The LeFE algorithm: embracing the complexity of gene expression in the interpretation of microarray data
1 Genomics and Bioinformatics Groups, Laboratory of Molecular Pharmacology, Center for Cancer Research, National Cancer Institute, National Institutes of Health, Bethesda, Maryland 20892, USA
2 Bioinformatics Program, Boston University, Cummington St, Boston, Massachusetts 02215, USA
3 Virginia Commonwealth University, Biostatistics Department, E Marshall St, Richmond, Virginia 23284, USA
4 SRA International, Fair Lakes Court, Fairfax, Virginia 22033, USA
Genome Biology 2007, 8:R187 doi:10.1186/gb-2007-8-9-r187Published: 10 September 2007
Interpretation of microarray data remains a challenge, and most methods fail to consider the complex, nonlinear regulation of gene expression.
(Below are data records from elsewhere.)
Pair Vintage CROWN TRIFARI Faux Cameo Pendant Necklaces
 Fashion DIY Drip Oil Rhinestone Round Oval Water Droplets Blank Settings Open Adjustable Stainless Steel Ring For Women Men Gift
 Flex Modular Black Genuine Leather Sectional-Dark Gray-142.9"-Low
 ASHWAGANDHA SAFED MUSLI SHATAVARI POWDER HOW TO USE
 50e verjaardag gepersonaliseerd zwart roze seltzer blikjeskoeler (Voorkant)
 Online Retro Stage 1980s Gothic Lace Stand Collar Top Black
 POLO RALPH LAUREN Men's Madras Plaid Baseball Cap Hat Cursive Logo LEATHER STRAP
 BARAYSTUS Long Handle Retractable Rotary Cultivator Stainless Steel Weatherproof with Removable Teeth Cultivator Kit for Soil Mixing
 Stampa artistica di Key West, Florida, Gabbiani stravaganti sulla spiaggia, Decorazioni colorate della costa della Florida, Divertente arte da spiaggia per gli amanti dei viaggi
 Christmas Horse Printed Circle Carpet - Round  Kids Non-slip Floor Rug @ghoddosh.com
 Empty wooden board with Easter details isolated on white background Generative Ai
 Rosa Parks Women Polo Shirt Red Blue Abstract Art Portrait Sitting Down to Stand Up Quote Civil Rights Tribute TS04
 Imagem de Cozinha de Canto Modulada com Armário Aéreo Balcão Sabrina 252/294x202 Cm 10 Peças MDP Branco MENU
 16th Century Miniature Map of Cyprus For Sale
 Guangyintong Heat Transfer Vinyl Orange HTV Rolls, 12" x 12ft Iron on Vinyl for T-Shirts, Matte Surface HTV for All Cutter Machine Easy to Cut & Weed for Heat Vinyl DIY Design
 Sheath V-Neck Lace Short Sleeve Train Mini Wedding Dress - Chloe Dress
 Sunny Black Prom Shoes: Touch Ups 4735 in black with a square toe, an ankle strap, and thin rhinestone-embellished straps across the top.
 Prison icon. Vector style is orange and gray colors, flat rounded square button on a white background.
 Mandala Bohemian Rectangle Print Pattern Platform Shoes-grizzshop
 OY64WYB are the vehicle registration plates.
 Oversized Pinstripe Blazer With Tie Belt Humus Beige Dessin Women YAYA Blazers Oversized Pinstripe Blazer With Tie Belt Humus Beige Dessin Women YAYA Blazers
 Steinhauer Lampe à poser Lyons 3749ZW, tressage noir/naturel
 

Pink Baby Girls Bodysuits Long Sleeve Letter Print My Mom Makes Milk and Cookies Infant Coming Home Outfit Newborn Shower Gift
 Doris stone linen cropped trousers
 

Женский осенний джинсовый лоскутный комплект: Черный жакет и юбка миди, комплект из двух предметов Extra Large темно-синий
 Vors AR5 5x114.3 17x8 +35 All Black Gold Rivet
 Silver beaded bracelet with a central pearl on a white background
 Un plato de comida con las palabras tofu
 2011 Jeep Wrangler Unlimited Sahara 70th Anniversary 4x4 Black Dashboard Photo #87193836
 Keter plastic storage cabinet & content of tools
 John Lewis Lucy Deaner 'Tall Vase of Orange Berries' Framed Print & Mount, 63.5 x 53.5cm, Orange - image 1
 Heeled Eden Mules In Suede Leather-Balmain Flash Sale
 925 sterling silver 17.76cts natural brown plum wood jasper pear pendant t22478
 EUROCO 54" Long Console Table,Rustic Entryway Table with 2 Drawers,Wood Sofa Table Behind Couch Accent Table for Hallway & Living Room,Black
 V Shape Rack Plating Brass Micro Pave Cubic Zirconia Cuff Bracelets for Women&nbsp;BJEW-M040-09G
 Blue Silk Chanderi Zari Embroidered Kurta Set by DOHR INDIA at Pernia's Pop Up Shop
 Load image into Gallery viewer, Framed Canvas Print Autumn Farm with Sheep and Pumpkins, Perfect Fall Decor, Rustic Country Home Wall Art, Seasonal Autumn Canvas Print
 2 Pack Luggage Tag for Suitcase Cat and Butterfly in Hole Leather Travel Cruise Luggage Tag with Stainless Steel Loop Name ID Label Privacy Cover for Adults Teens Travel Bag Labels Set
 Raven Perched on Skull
To address that limitation, we introduce Learner of Functional Enrichment (LeFE), a statistical/machine learning algorithm based on Random Forest, and demonstrate it on several diverse datasets: smoker/never smoker, breast cancer classification, and cancer drug sensitivity. We also compare it with previously published algorithms, including Gene Set Enrichment Analysis. LeFE regularly identifies statistically significant functional themes consistent with known biology.